→ **ASSIGNMENT**: Each line below from the one containing "photo de PARAFANGO" through the one containing "600 County Road" should be output exactly as it stands, and no other line should appear.

━━━━━ INFORMATION SHOWN ━━━━━

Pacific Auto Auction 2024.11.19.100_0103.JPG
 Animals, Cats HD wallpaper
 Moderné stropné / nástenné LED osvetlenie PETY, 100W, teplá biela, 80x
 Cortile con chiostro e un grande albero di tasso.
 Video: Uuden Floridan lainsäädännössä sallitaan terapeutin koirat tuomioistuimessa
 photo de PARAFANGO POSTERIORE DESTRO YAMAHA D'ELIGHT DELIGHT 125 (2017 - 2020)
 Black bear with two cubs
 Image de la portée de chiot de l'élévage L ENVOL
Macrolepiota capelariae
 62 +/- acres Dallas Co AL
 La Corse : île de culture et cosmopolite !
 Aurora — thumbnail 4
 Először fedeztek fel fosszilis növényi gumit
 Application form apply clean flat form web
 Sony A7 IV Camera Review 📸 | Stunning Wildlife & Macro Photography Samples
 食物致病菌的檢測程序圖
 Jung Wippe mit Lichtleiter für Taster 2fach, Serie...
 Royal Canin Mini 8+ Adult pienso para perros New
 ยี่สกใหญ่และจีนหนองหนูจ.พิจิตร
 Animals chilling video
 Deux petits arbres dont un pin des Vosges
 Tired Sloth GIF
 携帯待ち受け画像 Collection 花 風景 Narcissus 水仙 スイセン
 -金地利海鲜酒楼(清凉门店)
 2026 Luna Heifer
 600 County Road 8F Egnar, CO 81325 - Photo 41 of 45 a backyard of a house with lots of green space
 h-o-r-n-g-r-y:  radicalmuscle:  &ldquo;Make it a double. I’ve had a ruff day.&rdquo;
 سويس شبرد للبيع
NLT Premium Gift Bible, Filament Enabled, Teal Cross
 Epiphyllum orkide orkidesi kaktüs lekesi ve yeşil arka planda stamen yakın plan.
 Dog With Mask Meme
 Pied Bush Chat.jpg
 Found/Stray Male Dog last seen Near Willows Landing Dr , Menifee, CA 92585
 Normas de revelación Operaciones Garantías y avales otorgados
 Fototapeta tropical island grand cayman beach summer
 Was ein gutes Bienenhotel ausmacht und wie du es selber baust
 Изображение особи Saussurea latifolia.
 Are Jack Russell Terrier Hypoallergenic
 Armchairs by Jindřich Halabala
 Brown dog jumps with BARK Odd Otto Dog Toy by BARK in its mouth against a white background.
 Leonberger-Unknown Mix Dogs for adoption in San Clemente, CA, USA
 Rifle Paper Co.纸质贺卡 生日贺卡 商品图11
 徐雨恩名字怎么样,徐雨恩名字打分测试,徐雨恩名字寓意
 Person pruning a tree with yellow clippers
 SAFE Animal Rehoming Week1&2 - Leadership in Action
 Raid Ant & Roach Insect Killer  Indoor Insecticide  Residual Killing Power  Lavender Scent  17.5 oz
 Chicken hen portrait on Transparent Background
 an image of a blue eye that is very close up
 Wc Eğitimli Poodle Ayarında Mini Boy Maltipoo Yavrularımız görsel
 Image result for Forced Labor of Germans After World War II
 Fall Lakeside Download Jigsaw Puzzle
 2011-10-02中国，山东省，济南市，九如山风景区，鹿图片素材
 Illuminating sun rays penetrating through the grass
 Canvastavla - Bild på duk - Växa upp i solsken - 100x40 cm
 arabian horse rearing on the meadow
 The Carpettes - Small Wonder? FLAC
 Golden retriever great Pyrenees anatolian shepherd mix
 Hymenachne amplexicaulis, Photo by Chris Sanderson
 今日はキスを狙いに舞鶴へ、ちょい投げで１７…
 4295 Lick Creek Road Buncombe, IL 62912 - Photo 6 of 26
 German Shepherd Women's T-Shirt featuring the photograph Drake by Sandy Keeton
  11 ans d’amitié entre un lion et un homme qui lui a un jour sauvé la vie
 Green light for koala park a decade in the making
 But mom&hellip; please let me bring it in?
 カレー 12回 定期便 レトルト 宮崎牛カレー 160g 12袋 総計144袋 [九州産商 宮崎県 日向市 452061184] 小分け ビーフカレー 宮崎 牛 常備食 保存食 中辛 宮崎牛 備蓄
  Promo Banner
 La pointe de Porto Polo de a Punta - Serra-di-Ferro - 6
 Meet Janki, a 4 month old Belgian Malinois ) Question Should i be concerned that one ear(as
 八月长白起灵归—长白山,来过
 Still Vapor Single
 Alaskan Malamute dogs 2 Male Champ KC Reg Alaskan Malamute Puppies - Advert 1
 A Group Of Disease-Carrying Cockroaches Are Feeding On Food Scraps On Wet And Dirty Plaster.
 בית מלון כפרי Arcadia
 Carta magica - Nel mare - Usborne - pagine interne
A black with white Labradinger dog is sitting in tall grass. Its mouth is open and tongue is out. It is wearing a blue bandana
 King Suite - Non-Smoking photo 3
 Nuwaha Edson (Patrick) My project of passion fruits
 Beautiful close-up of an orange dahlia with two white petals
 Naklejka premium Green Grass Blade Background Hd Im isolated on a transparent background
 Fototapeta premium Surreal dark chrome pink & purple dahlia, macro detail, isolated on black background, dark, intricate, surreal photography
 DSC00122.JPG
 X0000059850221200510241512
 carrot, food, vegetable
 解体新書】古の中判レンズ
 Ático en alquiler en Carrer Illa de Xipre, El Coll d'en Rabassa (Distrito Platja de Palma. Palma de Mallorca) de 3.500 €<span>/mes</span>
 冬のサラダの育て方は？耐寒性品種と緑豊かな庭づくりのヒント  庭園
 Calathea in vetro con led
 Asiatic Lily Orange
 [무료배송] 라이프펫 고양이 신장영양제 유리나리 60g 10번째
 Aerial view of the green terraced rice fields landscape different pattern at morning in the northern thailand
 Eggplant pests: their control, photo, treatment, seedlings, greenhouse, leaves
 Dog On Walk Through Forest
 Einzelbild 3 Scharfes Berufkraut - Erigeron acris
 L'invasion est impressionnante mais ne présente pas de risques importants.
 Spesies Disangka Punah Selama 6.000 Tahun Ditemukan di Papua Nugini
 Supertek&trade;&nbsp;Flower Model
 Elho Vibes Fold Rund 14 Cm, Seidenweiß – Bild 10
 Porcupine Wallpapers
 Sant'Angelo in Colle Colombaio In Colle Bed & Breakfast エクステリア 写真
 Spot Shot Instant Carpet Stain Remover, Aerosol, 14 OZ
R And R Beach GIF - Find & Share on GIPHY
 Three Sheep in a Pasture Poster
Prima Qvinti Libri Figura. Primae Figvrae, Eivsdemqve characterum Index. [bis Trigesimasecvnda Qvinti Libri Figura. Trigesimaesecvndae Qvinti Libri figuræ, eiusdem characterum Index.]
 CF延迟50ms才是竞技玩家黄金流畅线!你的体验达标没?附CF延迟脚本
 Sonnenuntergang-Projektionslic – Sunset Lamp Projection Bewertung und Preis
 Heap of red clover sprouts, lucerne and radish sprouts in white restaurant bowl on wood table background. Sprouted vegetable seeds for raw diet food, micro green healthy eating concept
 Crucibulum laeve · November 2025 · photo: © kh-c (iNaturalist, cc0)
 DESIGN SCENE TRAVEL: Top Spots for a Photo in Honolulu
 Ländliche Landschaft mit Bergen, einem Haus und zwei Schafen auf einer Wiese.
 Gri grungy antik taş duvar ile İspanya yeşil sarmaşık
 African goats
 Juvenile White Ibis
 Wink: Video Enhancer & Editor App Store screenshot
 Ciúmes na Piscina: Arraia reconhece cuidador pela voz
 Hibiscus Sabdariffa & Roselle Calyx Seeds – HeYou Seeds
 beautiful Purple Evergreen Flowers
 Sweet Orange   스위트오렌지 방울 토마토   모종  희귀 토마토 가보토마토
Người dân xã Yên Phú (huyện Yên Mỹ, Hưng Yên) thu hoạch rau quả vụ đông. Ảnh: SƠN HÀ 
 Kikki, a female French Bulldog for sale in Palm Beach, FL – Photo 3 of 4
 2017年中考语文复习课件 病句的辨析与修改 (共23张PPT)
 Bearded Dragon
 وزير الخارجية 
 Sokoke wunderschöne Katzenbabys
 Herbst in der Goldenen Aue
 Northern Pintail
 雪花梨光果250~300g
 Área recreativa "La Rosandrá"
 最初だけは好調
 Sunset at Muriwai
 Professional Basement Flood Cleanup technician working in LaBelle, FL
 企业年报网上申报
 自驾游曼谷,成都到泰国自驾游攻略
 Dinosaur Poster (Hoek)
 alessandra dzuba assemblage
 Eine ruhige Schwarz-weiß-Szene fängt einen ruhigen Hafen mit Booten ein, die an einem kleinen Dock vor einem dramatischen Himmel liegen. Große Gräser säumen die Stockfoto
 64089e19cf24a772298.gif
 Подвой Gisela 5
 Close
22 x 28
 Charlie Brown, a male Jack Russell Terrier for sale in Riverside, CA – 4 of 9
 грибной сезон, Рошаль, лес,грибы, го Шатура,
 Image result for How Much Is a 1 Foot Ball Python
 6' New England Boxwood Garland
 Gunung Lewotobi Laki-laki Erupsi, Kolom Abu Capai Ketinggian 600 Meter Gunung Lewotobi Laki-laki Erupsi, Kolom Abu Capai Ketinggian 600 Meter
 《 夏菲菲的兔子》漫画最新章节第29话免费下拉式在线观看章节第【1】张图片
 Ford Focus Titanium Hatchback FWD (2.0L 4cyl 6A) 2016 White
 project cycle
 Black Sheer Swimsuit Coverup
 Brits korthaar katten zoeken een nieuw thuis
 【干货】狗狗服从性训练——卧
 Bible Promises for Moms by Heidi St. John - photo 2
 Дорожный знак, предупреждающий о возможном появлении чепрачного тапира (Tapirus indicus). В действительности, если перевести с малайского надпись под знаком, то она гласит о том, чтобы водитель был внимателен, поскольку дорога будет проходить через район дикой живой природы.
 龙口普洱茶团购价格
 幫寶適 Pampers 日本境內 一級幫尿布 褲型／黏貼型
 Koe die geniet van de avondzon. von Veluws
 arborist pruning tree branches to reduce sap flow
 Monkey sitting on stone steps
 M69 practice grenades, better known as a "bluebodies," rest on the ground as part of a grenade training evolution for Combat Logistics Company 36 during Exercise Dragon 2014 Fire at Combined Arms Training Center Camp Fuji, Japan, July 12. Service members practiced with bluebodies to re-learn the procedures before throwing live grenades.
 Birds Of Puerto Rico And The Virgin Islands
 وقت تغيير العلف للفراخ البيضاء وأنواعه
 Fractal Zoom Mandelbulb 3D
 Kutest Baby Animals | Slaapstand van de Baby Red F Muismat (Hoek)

━━━━━

→ **ANSWER SECTION**:
 photo de PARAFANGO POSTERIORE DESTRO YAMAHA D'ELIGHT DELIGHT 125 (2017 - 2020)
 Black bear with two cubs
 Image de la portée de chiot de l'élévage L ENVOL
Macrolepiota capelariae
 62 +/- acres Dallas Co AL
 La Corse : île de culture et cosmopolite !
 Aurora — thumbnail 4
 Először fedeztek fel fosszilis növényi gumit
 Application form apply clean flat form web
 Sony A7 IV Camera Review 📸 | Stunning Wildlife & Macro Photography Samples
 食物致病菌的檢測程序圖
 Jung Wippe mit Lichtleiter für Taster 2fach, Serie...
 Royal Canin Mini 8+ Adult pienso para perros New
 ยี่สกใหญ่และจีนหนองหนูจ.พิจิตร
 Animals chilling video
 Deux petits arbres dont un pin des Vosges
 Tired Sloth GIF
 携帯待ち受け画像 Collection 花 風景 Narcissus 水仙 スイセン
 -金地利海鲜酒楼(清凉门店)
 2026 Luna Heifer
 600 County Road 8F Egnar, CO 81325 - Photo 41 of 45 a backyard of a house with lots of green space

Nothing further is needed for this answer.